— EXERCISE OBJECTIVE —
From the entries below, count every line that contains the word "Drop". Please give the number and nothing else.

— GIVEN DATA —
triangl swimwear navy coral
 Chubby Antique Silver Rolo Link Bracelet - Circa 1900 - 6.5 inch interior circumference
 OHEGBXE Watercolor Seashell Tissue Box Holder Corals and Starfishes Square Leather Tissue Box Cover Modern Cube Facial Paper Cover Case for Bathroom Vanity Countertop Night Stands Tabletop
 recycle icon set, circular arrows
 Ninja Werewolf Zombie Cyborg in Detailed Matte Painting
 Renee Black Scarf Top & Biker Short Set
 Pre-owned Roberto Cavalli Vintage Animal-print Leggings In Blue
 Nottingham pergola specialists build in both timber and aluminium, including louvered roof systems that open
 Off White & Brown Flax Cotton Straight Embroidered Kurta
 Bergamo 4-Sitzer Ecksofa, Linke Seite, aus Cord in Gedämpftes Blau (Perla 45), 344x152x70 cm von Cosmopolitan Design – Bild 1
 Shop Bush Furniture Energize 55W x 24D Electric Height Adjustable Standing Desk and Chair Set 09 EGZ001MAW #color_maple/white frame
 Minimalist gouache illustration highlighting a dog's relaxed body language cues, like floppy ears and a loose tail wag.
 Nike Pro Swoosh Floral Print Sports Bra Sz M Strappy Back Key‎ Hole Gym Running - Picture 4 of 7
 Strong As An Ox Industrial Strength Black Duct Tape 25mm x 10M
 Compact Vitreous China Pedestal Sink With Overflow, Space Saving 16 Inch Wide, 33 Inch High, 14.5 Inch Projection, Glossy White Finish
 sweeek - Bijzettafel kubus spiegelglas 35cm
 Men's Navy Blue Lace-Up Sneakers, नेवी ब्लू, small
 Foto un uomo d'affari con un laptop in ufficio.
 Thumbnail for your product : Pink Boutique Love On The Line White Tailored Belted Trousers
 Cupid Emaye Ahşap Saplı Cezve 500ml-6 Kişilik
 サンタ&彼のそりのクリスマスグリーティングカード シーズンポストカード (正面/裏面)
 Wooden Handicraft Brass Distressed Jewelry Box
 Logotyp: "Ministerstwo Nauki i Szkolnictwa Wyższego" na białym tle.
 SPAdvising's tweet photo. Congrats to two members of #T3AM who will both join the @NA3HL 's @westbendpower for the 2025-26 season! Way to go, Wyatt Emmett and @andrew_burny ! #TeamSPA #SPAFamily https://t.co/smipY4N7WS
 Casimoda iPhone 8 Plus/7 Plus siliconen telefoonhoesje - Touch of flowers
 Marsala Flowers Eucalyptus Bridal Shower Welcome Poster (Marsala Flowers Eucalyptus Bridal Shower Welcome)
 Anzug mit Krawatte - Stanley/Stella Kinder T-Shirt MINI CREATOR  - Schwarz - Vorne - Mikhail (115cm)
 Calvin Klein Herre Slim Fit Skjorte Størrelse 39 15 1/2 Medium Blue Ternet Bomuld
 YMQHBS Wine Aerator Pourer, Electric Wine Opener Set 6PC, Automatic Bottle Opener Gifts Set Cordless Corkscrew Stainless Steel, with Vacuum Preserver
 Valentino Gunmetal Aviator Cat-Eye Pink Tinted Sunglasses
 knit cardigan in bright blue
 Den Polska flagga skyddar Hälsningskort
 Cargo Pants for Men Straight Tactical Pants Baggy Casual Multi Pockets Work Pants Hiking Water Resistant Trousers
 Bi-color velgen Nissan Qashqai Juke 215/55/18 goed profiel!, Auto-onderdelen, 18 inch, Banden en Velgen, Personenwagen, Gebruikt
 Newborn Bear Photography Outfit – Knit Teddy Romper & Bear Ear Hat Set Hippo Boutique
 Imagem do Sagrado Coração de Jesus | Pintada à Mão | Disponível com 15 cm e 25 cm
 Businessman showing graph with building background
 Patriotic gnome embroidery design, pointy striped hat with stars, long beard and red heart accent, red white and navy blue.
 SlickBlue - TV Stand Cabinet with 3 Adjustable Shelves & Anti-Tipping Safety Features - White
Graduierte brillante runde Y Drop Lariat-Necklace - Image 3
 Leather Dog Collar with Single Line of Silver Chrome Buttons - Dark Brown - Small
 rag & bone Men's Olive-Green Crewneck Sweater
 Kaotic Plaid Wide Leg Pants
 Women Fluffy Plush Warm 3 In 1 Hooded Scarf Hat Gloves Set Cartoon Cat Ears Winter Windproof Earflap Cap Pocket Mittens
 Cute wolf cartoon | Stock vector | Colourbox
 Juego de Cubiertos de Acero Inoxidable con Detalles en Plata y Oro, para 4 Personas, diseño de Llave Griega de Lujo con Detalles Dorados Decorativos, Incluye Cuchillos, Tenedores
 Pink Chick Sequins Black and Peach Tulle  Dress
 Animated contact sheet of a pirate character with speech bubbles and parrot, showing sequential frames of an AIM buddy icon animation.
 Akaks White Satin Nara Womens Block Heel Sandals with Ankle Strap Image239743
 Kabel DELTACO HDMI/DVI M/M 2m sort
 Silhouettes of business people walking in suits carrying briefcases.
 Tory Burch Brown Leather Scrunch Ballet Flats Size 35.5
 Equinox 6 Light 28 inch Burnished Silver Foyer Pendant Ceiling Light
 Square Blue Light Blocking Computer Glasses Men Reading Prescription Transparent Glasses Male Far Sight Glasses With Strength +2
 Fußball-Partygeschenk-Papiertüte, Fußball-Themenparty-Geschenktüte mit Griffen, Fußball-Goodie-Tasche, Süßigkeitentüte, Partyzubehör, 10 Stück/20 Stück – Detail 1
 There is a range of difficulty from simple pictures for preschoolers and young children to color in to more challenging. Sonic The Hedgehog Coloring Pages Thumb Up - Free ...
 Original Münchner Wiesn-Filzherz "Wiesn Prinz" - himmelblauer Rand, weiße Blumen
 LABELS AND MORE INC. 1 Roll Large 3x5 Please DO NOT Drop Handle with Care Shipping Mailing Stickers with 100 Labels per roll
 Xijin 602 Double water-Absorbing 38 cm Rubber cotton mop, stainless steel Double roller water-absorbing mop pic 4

— ANSWER FOR THE TASK —
2